As a result, northern France, considered to be one of the worst recession-hit regions, is struggling with more than 11 percent unemployment, almost four points above the 7.5 percent national average.

With 1.6 million persons on the dole throughout France, unemployment has become one of most hotly disputed issues of the presidential elections.

Despite the government's "priority" policy toward heavily depressed zones such as the coal belt, the local socialist- and communist-dominated municipalities strongly blame the Giscard d'Estaing administration for its sorry state of affairs.

In an effort to provide jobs, the authorities are desperately trying to entice both French and foreign industries to set up shop in the north with the help of state subsidies and tax relief. But as in the rest of France, the problems of generating employment during a world recession are enormous. "I think we must face the brutal fact that we will never be able to provide full employment here until the international crisis is solved," said one central government official.

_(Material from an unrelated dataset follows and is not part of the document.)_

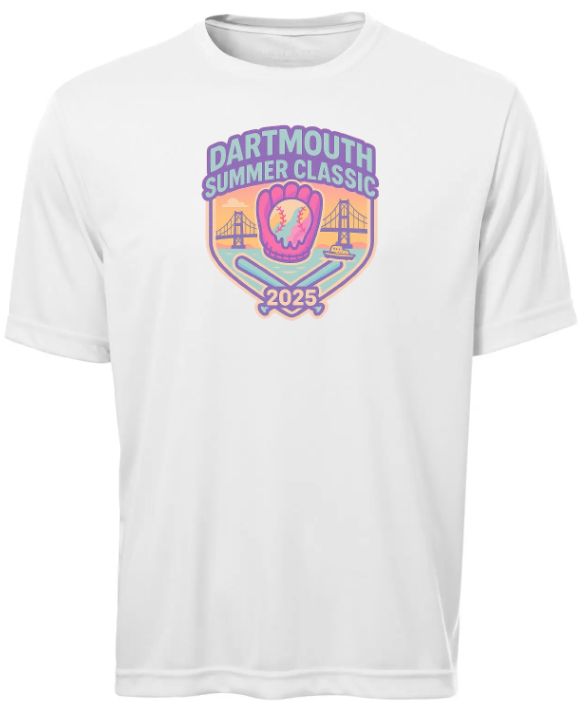 Dartmouth Summer Classic 2025 - White Short Sleeve Moist Wick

"All too often it is like treading water," bemoaned Pierre Rousseau of the chamber of commerce at Bethune, the coal belt's administrative capital, which is graced by magnificent 19th century industrialists' "hotels" or town houses. "You create a new job only to find that another worker somewhere else has been made redundant."

But to ensure the survival of the north is not just a matter of implanting new and more diverse industries. It is also a matter of changing mentalities. Many of the region's forward-looking entrepreneurs and planners complain of a general lack of initiative.

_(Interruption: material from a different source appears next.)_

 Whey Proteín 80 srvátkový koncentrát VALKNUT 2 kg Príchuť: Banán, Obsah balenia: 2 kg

In the old days, the locals could look up to the paternalist mining companies for guidance and security. Today however, the demise of the coal industry is shattering social structures, while high unemployment is encouraging overall apathy. Now that the mining companies are no longer able to ensure their future , the people look to Paris rather than their own self-initiative for solutions.

Fortunately, the northerners have already begun to change. But, it is a slow process. Observed one economist, "In a way, the crisis is having positive effect in that it is forcing people to realize that they must adapt by learning new te chniques or fall by the wayside."